**What to produce**
From the line with "VINTAGE 90S EMBROIDERED SOUVENIR T-SHIRT" to the final line of the data below, please write out every line exactly, with no pictures.

|---|

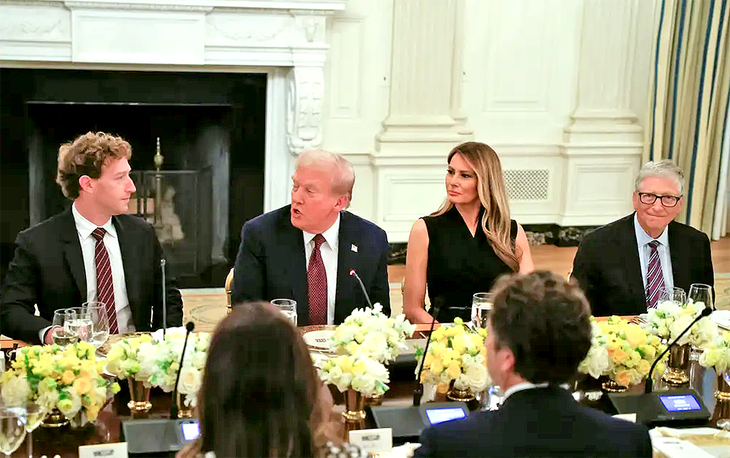 Tiệc AI ở Nhà Trắng: Hàng chục CEO công nghệ đồng loạt ca ngợi ông Trump - Ảnh 1.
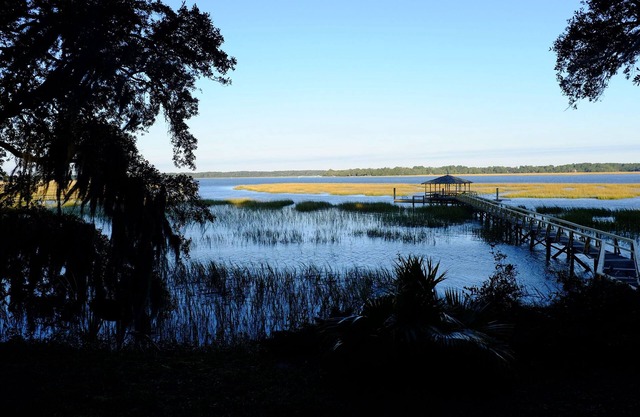 Pinckney Home Place - Your Waterfront Home Away from Home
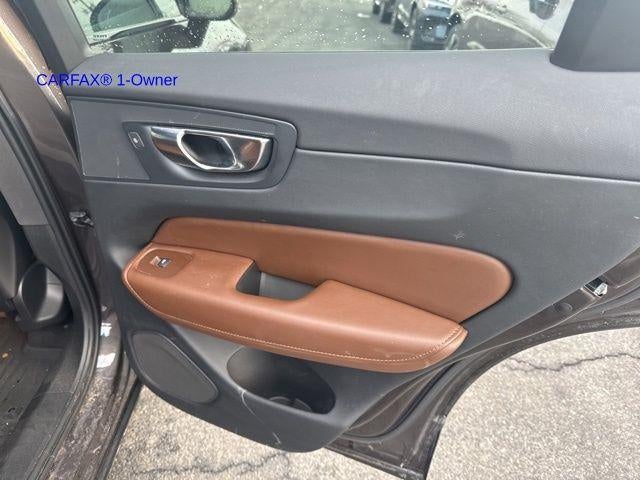 2023 Volvo XC60 B5 AWD Plus Dark Theme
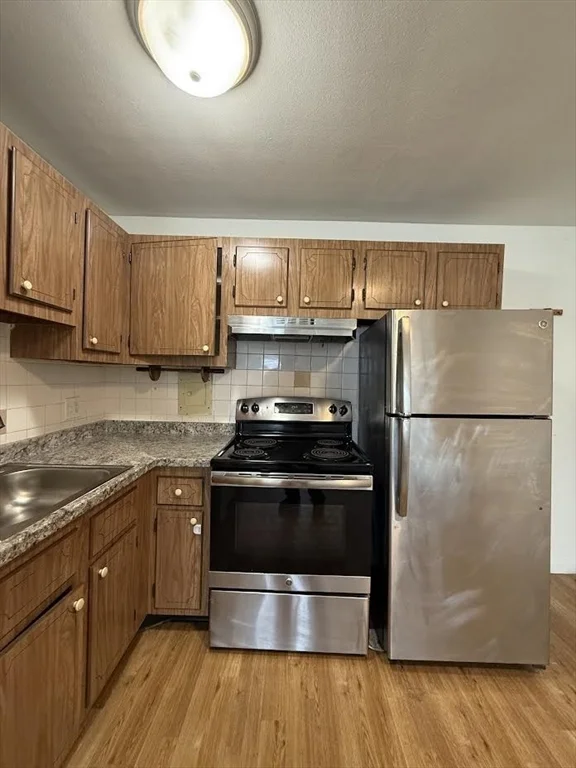 2 bed, 1 bath apartment for rent at 87 Cedar St Unit 6, Malden — photo 13 of 27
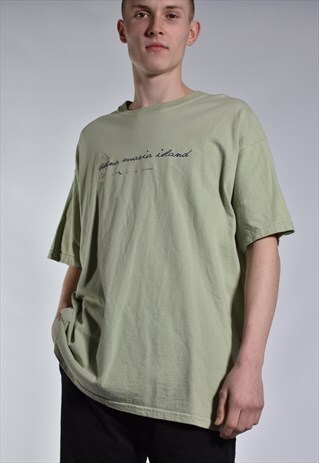 VINTAGE 90S EMBROIDERED SOUVENIR T-SHIRT
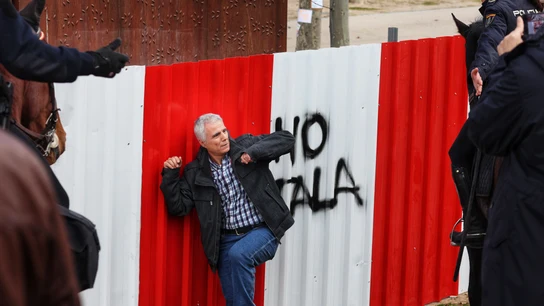 Un hombre protesta frente a la policía nacional a caballo durante la concentración Un hombre protesta frente a la policía nacional a caballo durante la concentración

|---|

**Answer to this exercise**
 VINTAGE 90S EMBROIDERED SOUVENIR T-SHIRT
 Un hombre protesta frente a la policía nacional a caballo durante la concentración Un hombre protesta frente a la policía nacional a caballo durante la concentración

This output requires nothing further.